Please note that the following is a request for comments/input. This is not a decision or definitive recommendation on Axim’s part.
DEPR-170 covers a move from Elasticsearch to OpenSearch, which was also discussed in these forums:
@regis suggested that we might use this opportunity to remove Elasticsearch (and by extension OpenSearch) altogether, pointing out their extremely high memory requirements:
Unfortunately, MySQL full text performance is lackluster, both in terms of result quality and performance when combining a field to be searched with other indexes (like a course). So we still need some search engine to fill that gap to maintain feature parity.
In a recent comment, @jmbowman stated his belief that Meilisearch would be a more promising long-term alternative:
From a future-looking perspective, I feel that Meilisearch would be a better search engine to integrate with. It’s MIT-licensed, blazing fast (implemented in Rust), much less resource-intensive than Elasticsearch, already fairly competitive with Algolia in many respects, has solid commercial support, and has pretty good Python support. There isn’t an authoritative Django package for it yet, but there are several packages and blog posts outlining how other people have used them together. It would be a gamble, but frankly it feels like it has more momentum than OpenSearch.

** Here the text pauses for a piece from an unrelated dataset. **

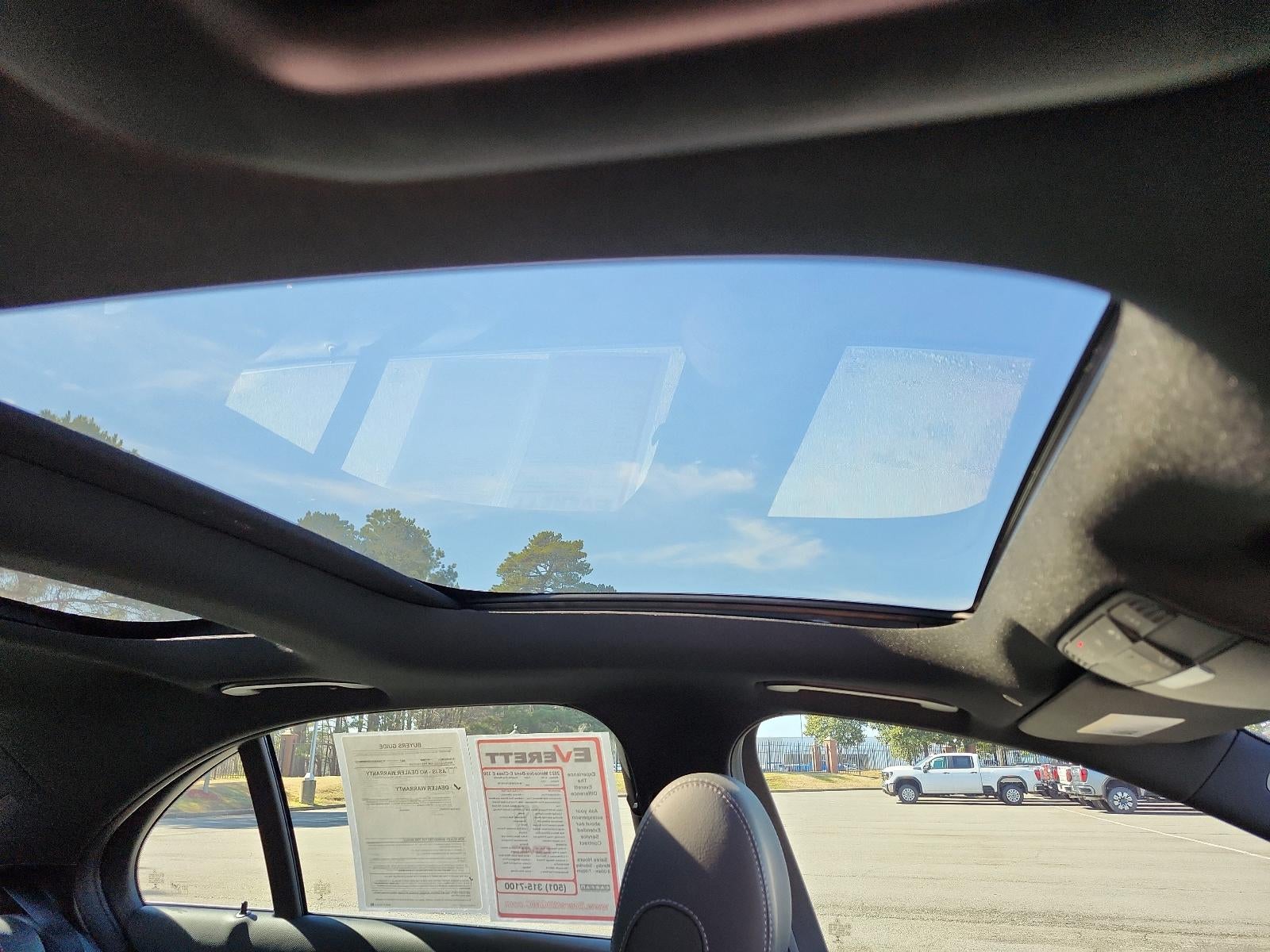 2023 Mercedes-Benz E-Class E 350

I’m unfortunately not likely to be able to help much with this for a while, so it’s going to be up to other people to pick a path forward. I just wanted to articulate that while OpenSearch looks at first like the easiest/safest path forward to solve the licensing problem, it’s actually harder than it looks and may not really set up Open edX for success in future search improvements.
I have not tested anything locally, but based on various blog posts, that resource usage difference is massive. This one shows Meilisearch using 1/10th the memory of Elasticsearch, this one at around 1/5th. (There’s even one claiming a 1/50th memory usage, though I suspect misconfiguration in that one.)
Elasticsearch to OpenSearch isn’t a drop-in replacement, and we will have to modify some code to use newer libraries. If we’re going through that effort anyway, should be consider a wholesale move to Meilisearch? It’s a less mature codebase, but it seems to be friendlier out of the box, it has compelling performance characteristics, and it has a much smaller memory footprint. It seems to be actively maintained and developed by an open-source friendly company. By the very unscientific measure that is GitHub stars, it also seems to have more developer excitement than OpenSearch.
The question is this: Is it worth delaying the Elasticsearch → OpenSearch migration in order to do discovery work around Meilisearch? Doing so might give us a more compelling long term search engine for the project, but it would further delay this long-running DEPR effort, and possibly threaten the timeline for new Studio course content search functionality currently scheduled for Redwood.
FYI to @feanil, @Diana_Huang, @braden, and @jristau1984 who have all recently commented on that DEPR.